That is beyond unacceptable. Once he got sick, if they had no intention of treating him, they should have euthanized him. Horrible. Beyond horrible. What on EARTH is this world coming to when a place called a "shelter" for animals allows one to suffer in such a way?


----------



## selzer (May 7, 2005)

Could this be written by a disgruntled or discharged employee? I mean, who else would know the timeline and how much attention to the dog was given? I guess you really have to wonder who would be in no position to do something, but would be in a position to know all of this, and write it up?


----------



## Mrs.K (Jul 14, 2009)

selzer said:


> Could this be written by a disgruntled or discharged employee? I mean, who else would know the timeline and how much attention to the dog was given? I guess you really have to wonder who would be in no position to do something, but would be in a position to know all of this, and write it up?

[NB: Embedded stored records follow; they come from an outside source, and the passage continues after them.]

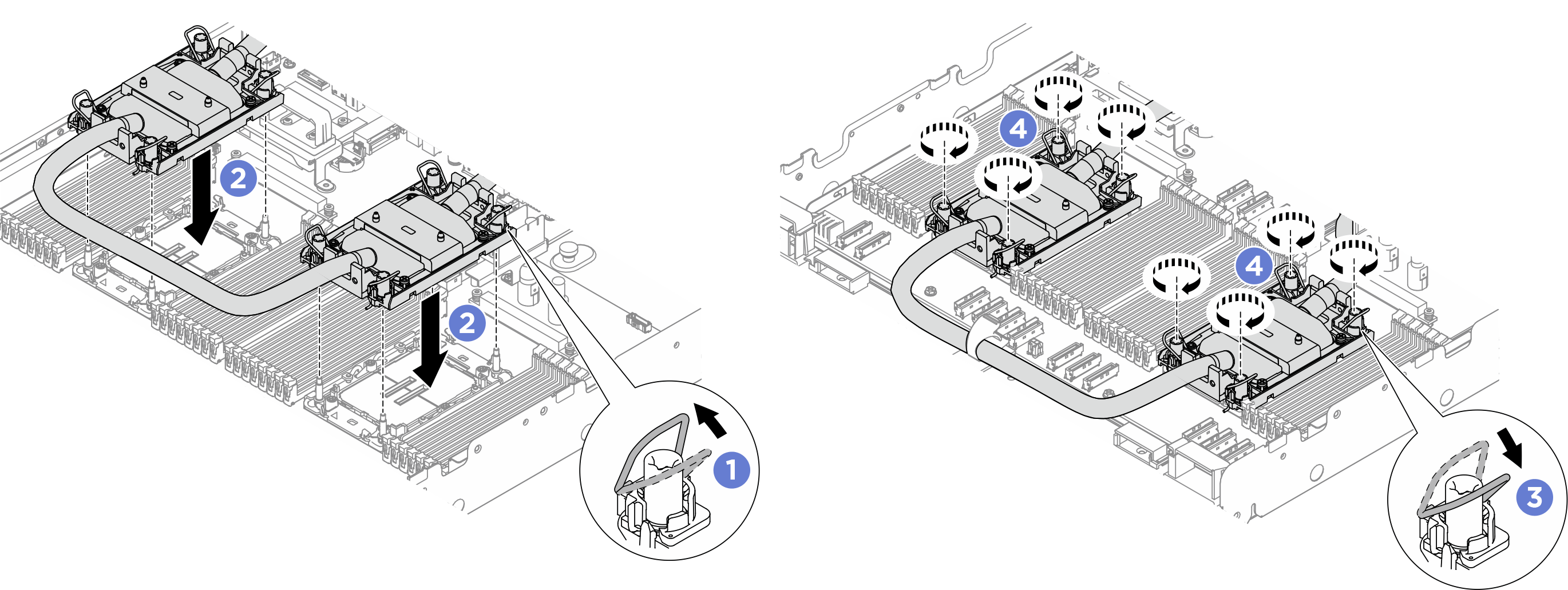 Installing the processor-DWCM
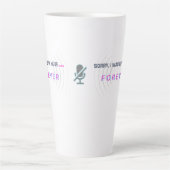 ごめん、私ずっと黙って… カフェラテマグ (正面)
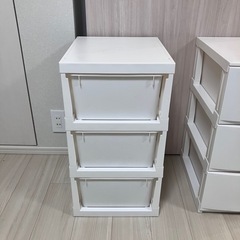 3段衣装ケース　2個セットの画像
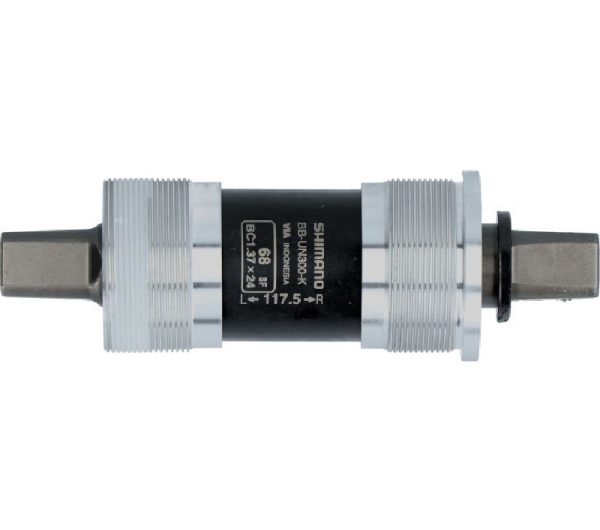 OSOVINA POGONA SHIMANO BB-UN300-K, FOR CHAINCASE, SPINDLE:SQUARE TYPE, SHELL:BSA 68MM, SPINDLE:117.5MM, W/O FIXING BOLT, IND.PACK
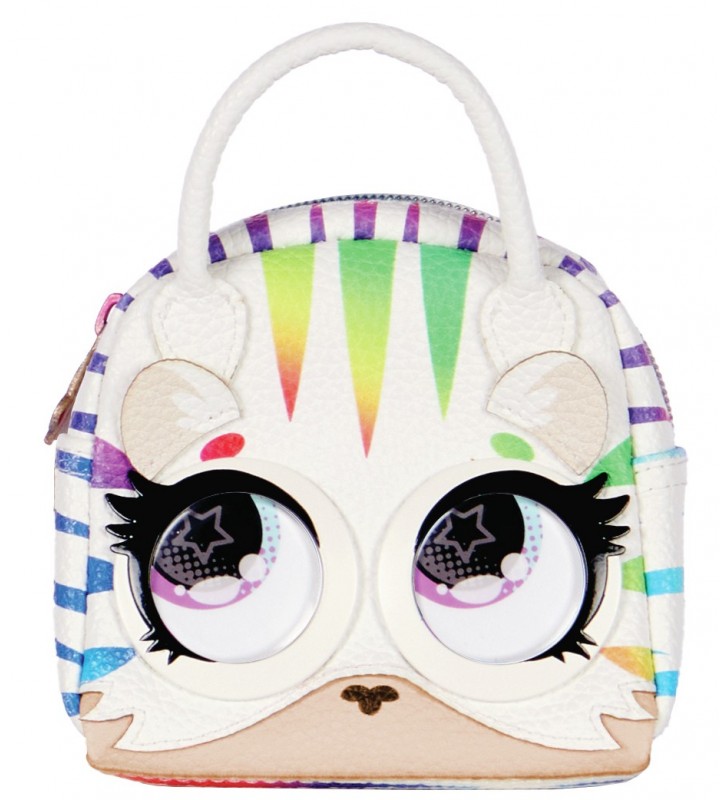 Purse Pets Micros, Roarin’ Rainbow Tiger Stylish Small Purse with Eye Roll Feature Multicolor Băiat/Fată Geantă de mână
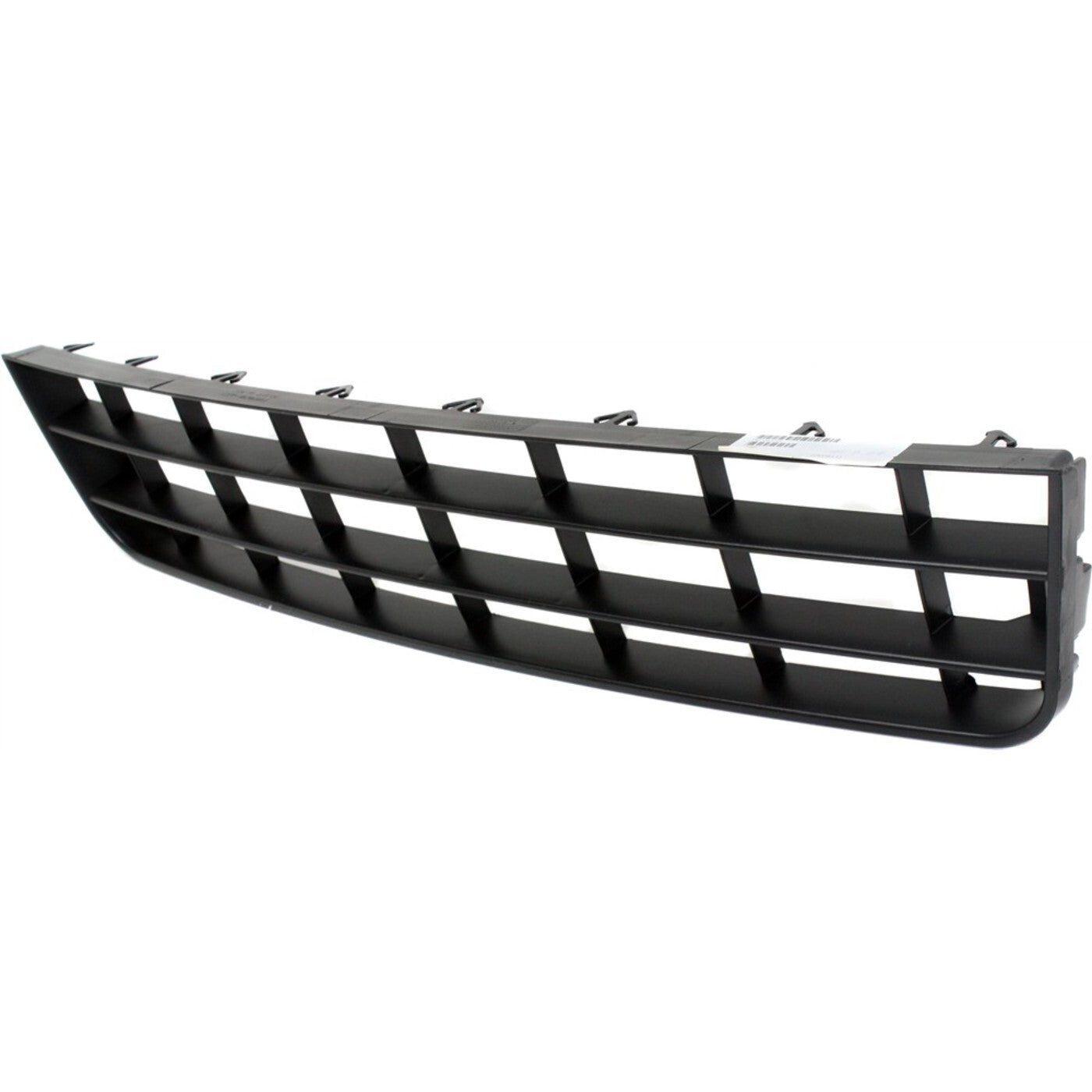 Bumper Grille For 2006-2009 Volkswagen Rabbit Center Textured Black Plastic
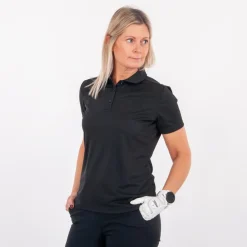 Cutter & Buck Piké Kelowna Svart Svart (99) Discount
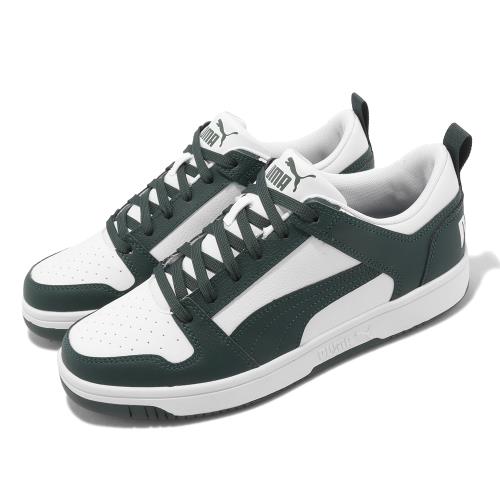 Puma 休閒鞋 Rebound LayUp Lo SL 男鞋 女鞋 白 綠 復古 皮革 36986630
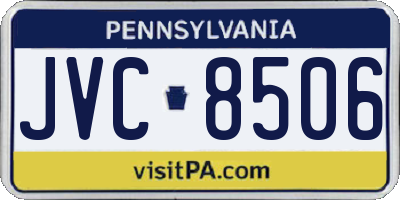 PA license plate JVC8506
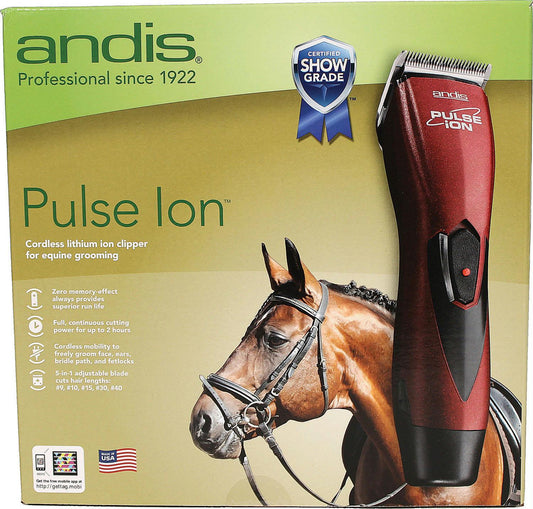 Proclip Pulse Ion Adjustable Blade Clipper Burgund - aomega-products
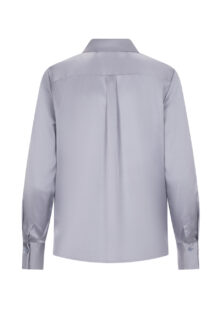 Seidenbluse „Erin“ – Blau – Bild 2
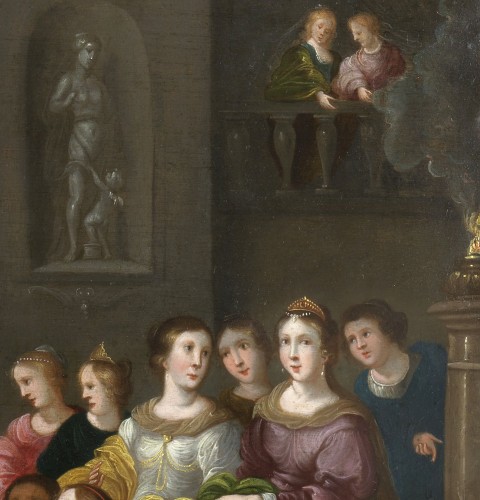 Idolâtrie du roi Salomon – attribué à Hieronymus Francken III (1611 – 1661) - Galerie Thierry Matranga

I've worked with the person who wrote this. She's not a disgruntled or discharged employee. There are many many things going seriously wrong at that place.


----------



## selzer (May 7, 2005)

Mrs.K said:


> I've worked with the person who wrote this. She's not a disgruntled or discharged employee. There are many many things going seriously wrong at that place.


Alrighty then, could you tell us how someone could no the dog's intake day, behavior rating, when it got the cough, whether or not it was treated by the vet ever, how high its temperature was, and how and when the callous decision was made to just let the animal die? And that person did absolutely nothing to help the dog in question? How does that work?


----------



## Mrs.K (Jul 14, 2009)

The ACC in NY is pretty much known to neglect dogs. That is why there is an entire facebook network trying to pull as many dogs as they can as fast as possible. I've had three fosters from NYC ACC


----------



## selzer (May 7, 2005)

I am really not surprised. Cleveland, when I was a kid used to electrocute dogs. You could smell the shelter from the bus stop. My brother and I went down their looking for our dog. It was gruesome. This was back in the seventies, so a couple of years ago. People used to sue them for putting dogs down before the three days were up. 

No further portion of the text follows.